Grants awarded by the Cherokee Preservation Foundation are funded by casino proceeds of the Eastern Band of Cherokee Indians. Grants are awarded to efforts that advance the cultural attractions’ heritage programming efforts and to facilitate Cherokee language revitalization efforts.
Major new support of heritage tourism includes:
• A $500,000 grant to continue an award winning marketing campaign that spotlights the Cherokee Historical Association’s Unto These Hills outdoor drama production and Oconaluftee Indian Village, Qualla Arts & Crafts Mutual, and the Museum of the Cherokee Indian.

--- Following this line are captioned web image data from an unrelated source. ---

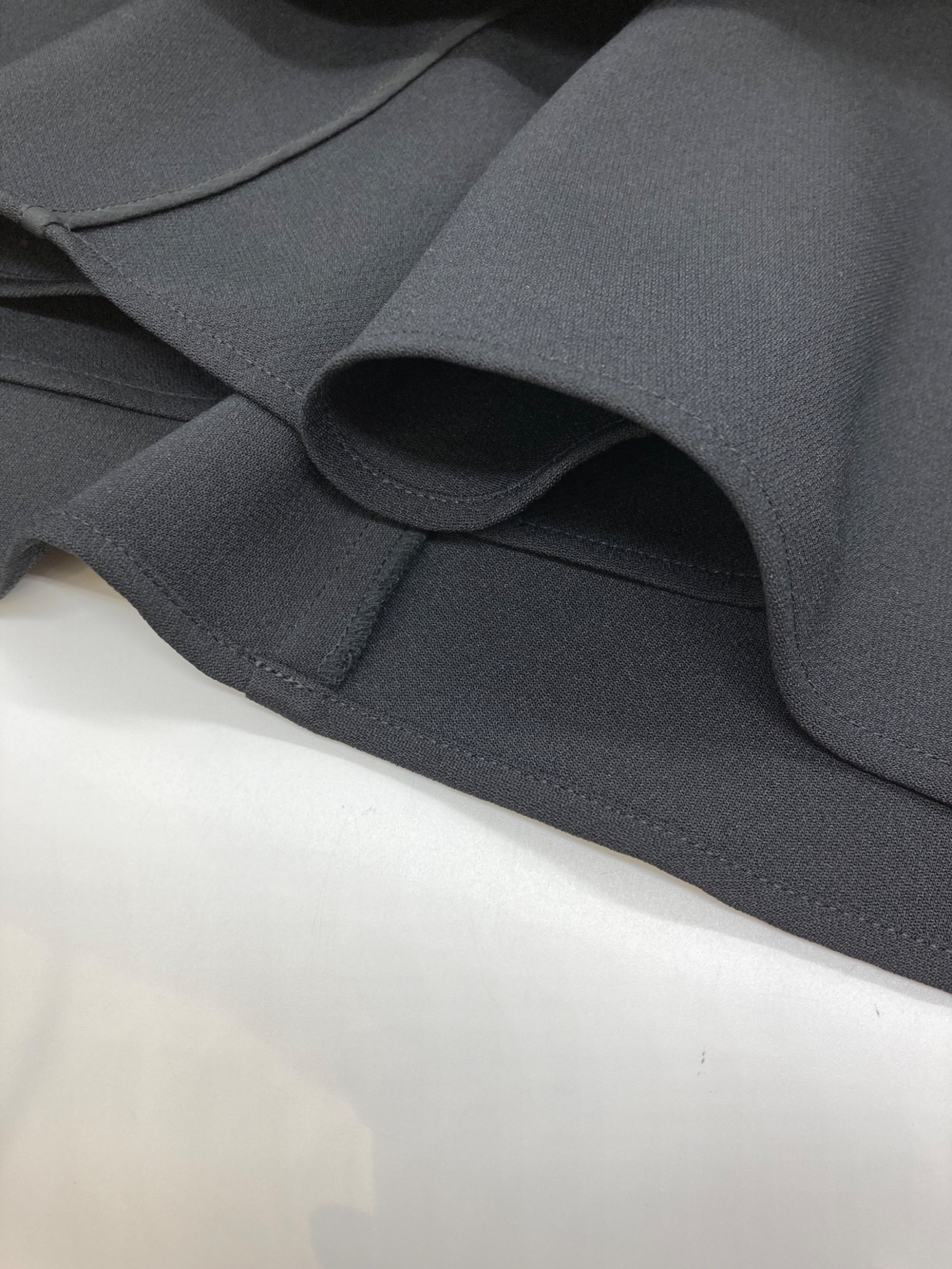 UNITED TOKYO (ユナイテッドトーキョー) カーブラインマーメイドスカート ブラック サイズ:2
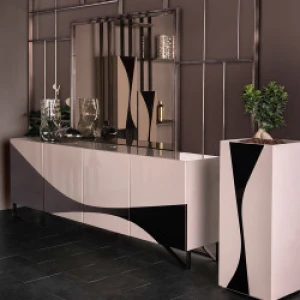 EPOQUE luxury sideboard storage dining room sideboard designer storage cabinet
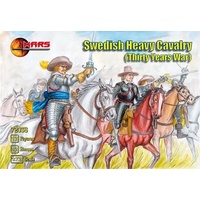 Mars 72036 1/72 Thirty Years War Swedish heavy cavalry Plastic Model Kit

• A $129,000 grant to offer theatre training to local performers that will help prepare them for involvement in the new, more culturally-oriented production of Unto These Hills, the popular retelling of the Cherokee people’s story. The grant will also provide ticketing for local schools to attend the drama and living history village.
• A $75,000 grant will enable training a cadre of cultural ambassadors to enhance the major Cherokee cultural attractions and the making of traditional Cherokee clothing for the ambassadors.
• A nearly $120,000 grant will support continuation and expansion of the Festival of Native Peoples, which features performers and artisans from tribes across the United States, Canada and Mexico. The 2007 festival will take place in July.
• A $127,000 grant will support an effort led by the new Cherokee Chamber of Commerce to stimulate tourism by creating a clearly identifiable “Cultural District” within Cherokee with the help of signage and banners.
• A $15,000 grant will support an initiative by the Museum of the Cherokee Indian to translate Cherokee literary works into the Cherokee language. The first of these is Thirteen Moons, by Charles Frazier.
Major support from Cherokee Preservation Foundation for Cherokee language revitalization efforts includes:
• A $206,000 grant to develop curriculum and learning materials for language immersion programs, in which students hear and learn their native language during the entire experience, and more conventional community-based language learning programs.
• A nearly $85,000 grant to enable the development of a second-level language course that will allow higher level Cherokee speakers to advance their skills more quickly, and to support a Cherokee Language Immersion Camp in the Snowbird Community. The Kituwah Preservation and Education Program and Western Carolina University are in the process of developing a comprehensive Cherokee language revitalization initiative, and the program is being guided by their recognition that language learning must come from the community in order to have an impact.
• A $55,000 grant that will enable the Kituwah Preservation and Education Program to develop an operating plan for the Kituwah Academy, a planned facility that will house language immersion programs for children from infancy through fifth grade.
• A nearly $235,000 grant to Western Carolina University to create materials for all levels of Cherokee language learners and to develop a Cherokee language degree program and the necessary textbooks for this program.